By Richard Nimmo, Managing Director, London, UK.

For many or even most of the people who interact with Blue Ventures we are likely to be regarded either as a conservation and research organisation or as an ethical tourism company.

This dual identity is because Blue Ventures was founded as a social enterprise with the aim of using business to finance conservation. Since Blue Ventures began operating in 2003 we have become much more than a tourism or conservation organisation as our projects have developed and expanded to help solve problems that we encounter in the communities that we work. The project list of Blue Ventures now includes: fisheries management, family planning and sexual health programmes, financing of fuel-efficient and solar stoves, endangered species research, eco-system economics, funding of schools scholarships and aquaculture, to name a few.

The social enterprise spirit that launched Blue Ventures in 2003 survives today and our ethical tourism company, Blue Ventures Expeditions, has provided sustainable funding for our conservation and research projects as well as donating all profits to our conservation charity, Blue Ventures Conservation.

So, in a week when BV staff were attending and presenting at a workshop in Rodrigues to share ideas and experiences about managing Octopus fisheries, and other BV staff were attending and presenting at a conference in London which is being held to provoke debate on the theme of human population growth and global carrying capacity, I attended a talk by Professor Muhammad Yunus at NESTA.

Professor Muhammad Yunus © NESTA

Professor Yunus founded the Grameen Bank in Bangladesh following a personal crusade to try to encourage the country’s banks to give loans to the poor. Professor Yunus and Grameen Bank launched the concept of microcredit and microfinance, a finance model that has given millions access to loans that were previously only available through local lenders at exorbitant rates of interest.

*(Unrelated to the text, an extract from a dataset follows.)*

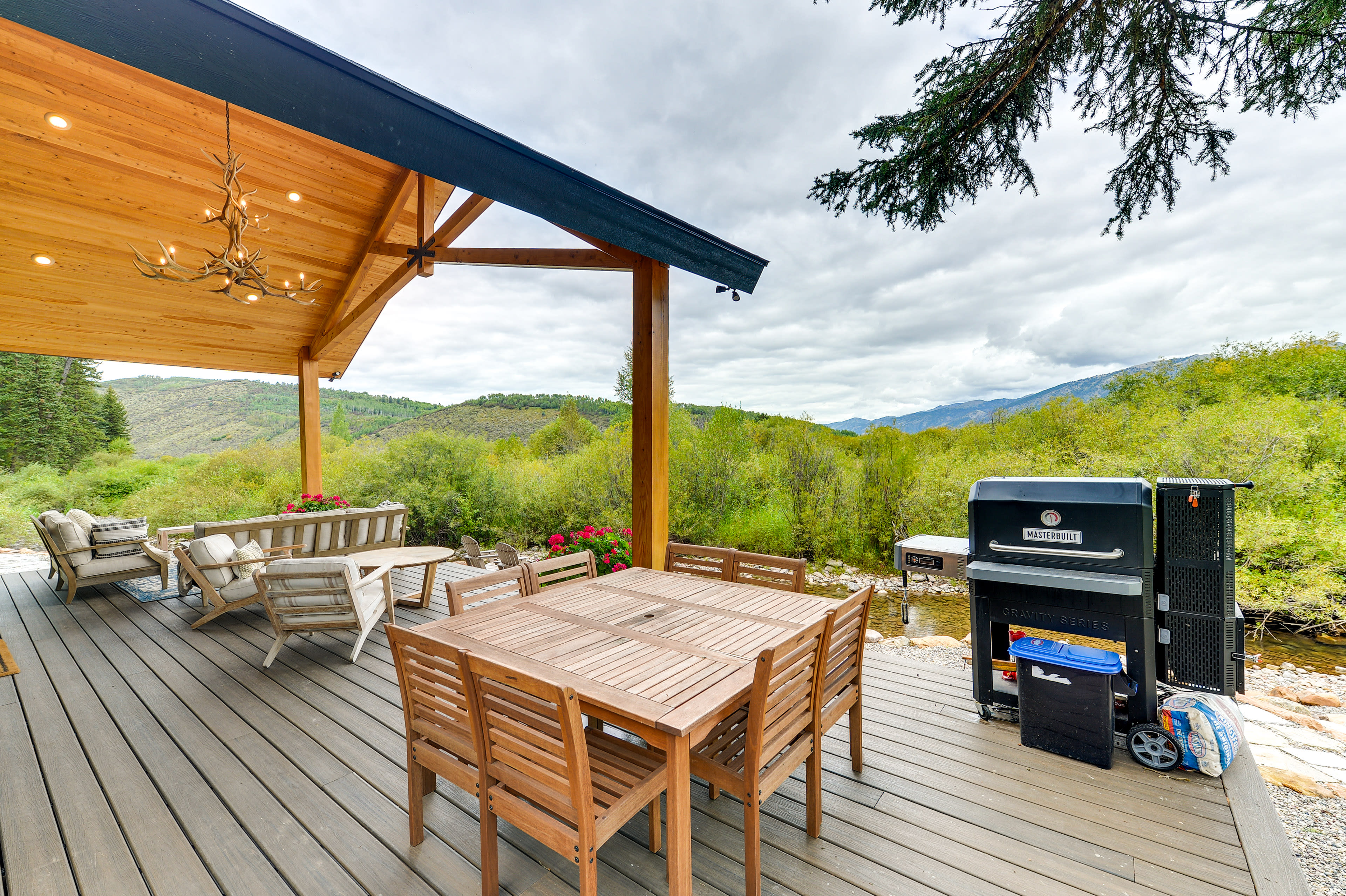 Outdoor Dining Area | Grill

His business activities and social business model has inspired many social entrepreneurs to develop businesses that address needs that governments and traditional businesses fail to meet or ignore. At Blue Ventures we have always felt very strongly that businesses can benefit more than just their shareholders, Directors and staff and trail blazers like Professor Yunus can inspire and help us continue.

 

Posted by Richard Nimmo

Richard is our managing director, based in London. He first joined BV as a volunteer with an expedition to Andavadoaka, Madagascar in 2004. He was so moved by this experience that shortly after returning to London, he left his career in commercial broadcasting and went back to Andavadoaka as expeditions manager. After a year in Madagascar, Richard moved to our London office as managing director of expeditions.